Problem with powering Multiple Devices from a USB Hub

I’m having an issue with powering multiple devices from a usb 3.0 un-powered hub. I have connected an Arduino Mega, an Arduino Nano, an action camera (used as webcam) and a Scanse Sweep lidar. When evertyhing tested seperately everything works flawlesly (so no coding problem I assume). When trying to use simultaneously unespected crashes occur randomly.

I assume that it has do to with power issues from the usb 3.0 port on my tx2 because lidar stops rotating and restarts, and when used on the seperate usb port (with the little white adaptor) it doesn’t happen.

What I’d like to ask, first of all, is this possible to happen, or do I have to look for my problem somewhere else? And secondly how I’m I gonna solve this? Is a powered hub the solution? Has anyone tried something similar or has a tested powered hub to propose?

Lastly, it will be helpful if someone can tell me maximum current draw from usb 3.0 port and usb 2.0 port for my Jetson TX2 Dev Kit.

Thanks.

Hi nsarantinoudis, from the amount of devices you have plugged into the hub, it sounds very likely that you need a powered hub. On my robot I also use a powered hub after too many devices caused some sensors to spuriously lose power. USB specifies 500mA for USB2 and 900mA for USB3 (5VDC).

Thanks dusty_nv,

And to me it seems something power related. Do you have a powered hub to propose? What have you used?

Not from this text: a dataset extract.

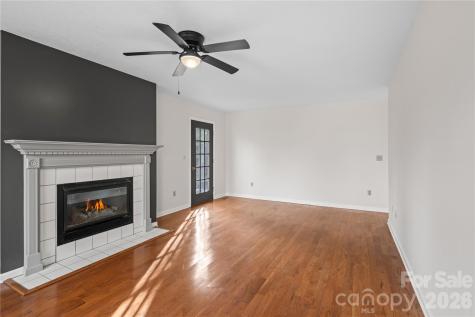 10 Orchard Place Weaverville NC 28787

Also since you mentioned a robot, it is possible the motors from my robot have an interference with Jetson, since they have the same power source, but Jetson has a dedicated dc/dc converter? I have read strange thing happening from motors causing flactuations to power, but until now nothing has happened to me and I haven’t looked into it.

Hi, did you measure the voltage drop of USB port when all device work simultaneously?

Hi Trumany,

No I haven’t done so. You mean with a multimeter or can this happen from inside linux somehow?
I’ll check with the powered hub since I just got one, and I’ll come back to you when I have something new.

However I noticed another strange thing that makes me believe that is power related problems. My led on the usb camera flickers on its own when on usb power, even if the camera is able to work, but not every time.

Keep in mind that a USB port’s stated standard maximum output current is for that a single port. If you have a HUB and several devices connected, then the sum total of all devices and the HUB combined should never exceed the standard for a single port. Imagine you have a 20A breaker in your home going to a wall plug. If you throw an extension cord on it with 10 sockets, then it won’t matter if the cord is rated at 200A or 20A…the breaker will still pop if any single device or any sum of two or more devices goes beyond that 20A breaker current.

If you use a powered HUB, then not only does the maximum delivery current available go up for a port (standards say so), every single individual port will be able to consume that much without neighbor ports interfering…this would become a per port independent power delivery instead of a cumulative and combined single port value. You really need a powered HUB, or you need to limit the sum total combined current drain to that of a single port or less.

You can measure the ground/5V lines of a USB port with a multimeter. If you draw too much you’ll likely see a significant voltage drop as you add the last device in.

The powered hub was the solution to these problems, I can assure you. With the use of a powered hub, no problem occured again. The robot was tested extensively and nothing strange happened. Thank you all for your help.